* _Supplied data_:
---------------

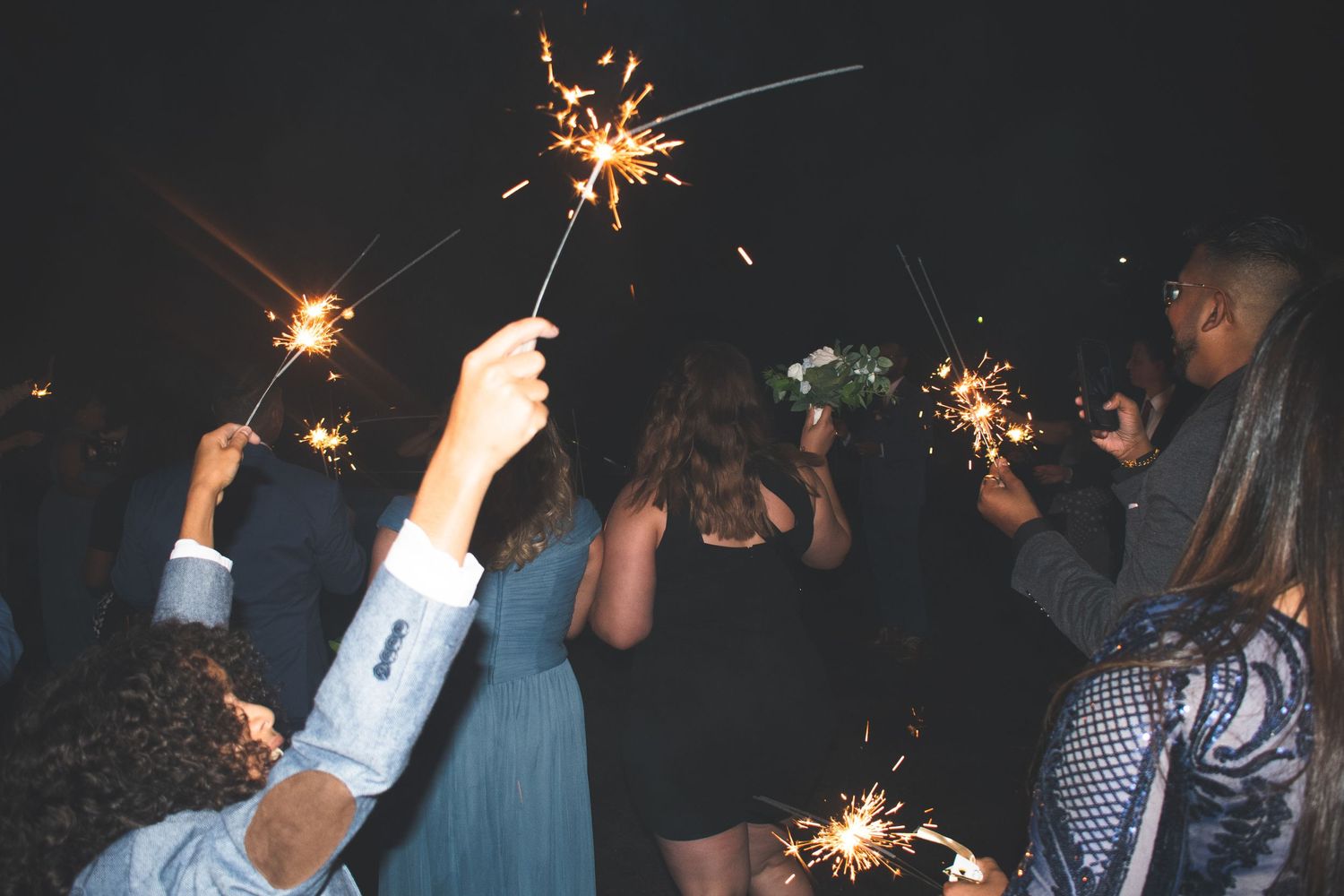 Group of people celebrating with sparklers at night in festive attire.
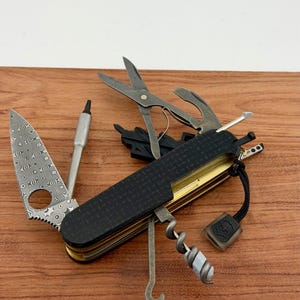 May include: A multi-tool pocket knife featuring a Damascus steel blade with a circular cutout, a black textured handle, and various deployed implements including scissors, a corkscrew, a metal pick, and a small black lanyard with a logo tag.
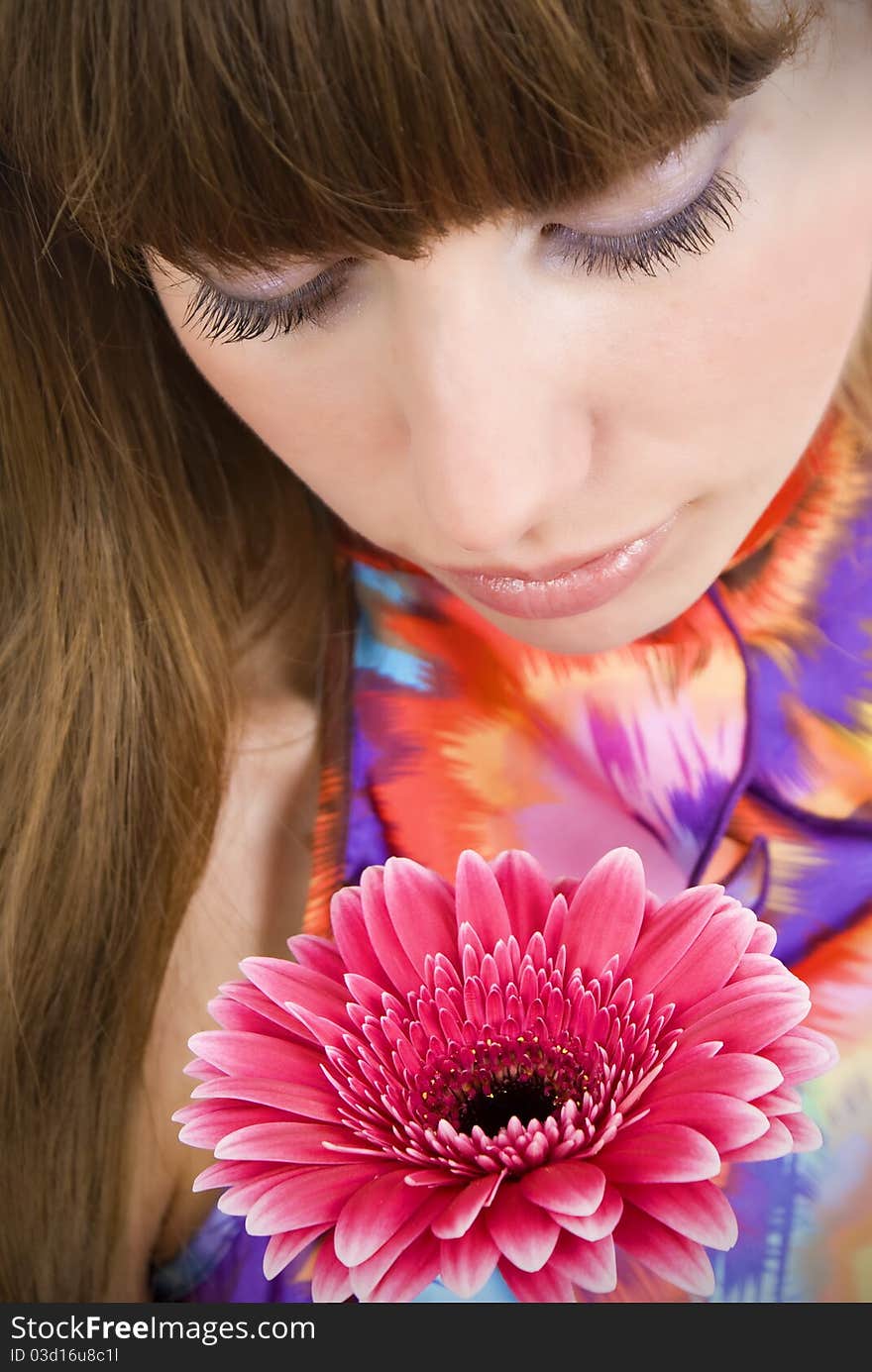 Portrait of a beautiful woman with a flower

---------------

* _Directions_: Could you restate the material word for word, skipping any pictures it holds?

* _Answer section_:
 Group of people celebrating with sparklers at night in festive attire.
 May include: A multi-tool pocket knife featuring a Damascus steel blade with a circular cutout, a black textured handle, and various deployed implements including scissors, a corkscrew, a metal pick, and a small black lanyard with a logo tag.
 Portrait of a beautiful woman with a flower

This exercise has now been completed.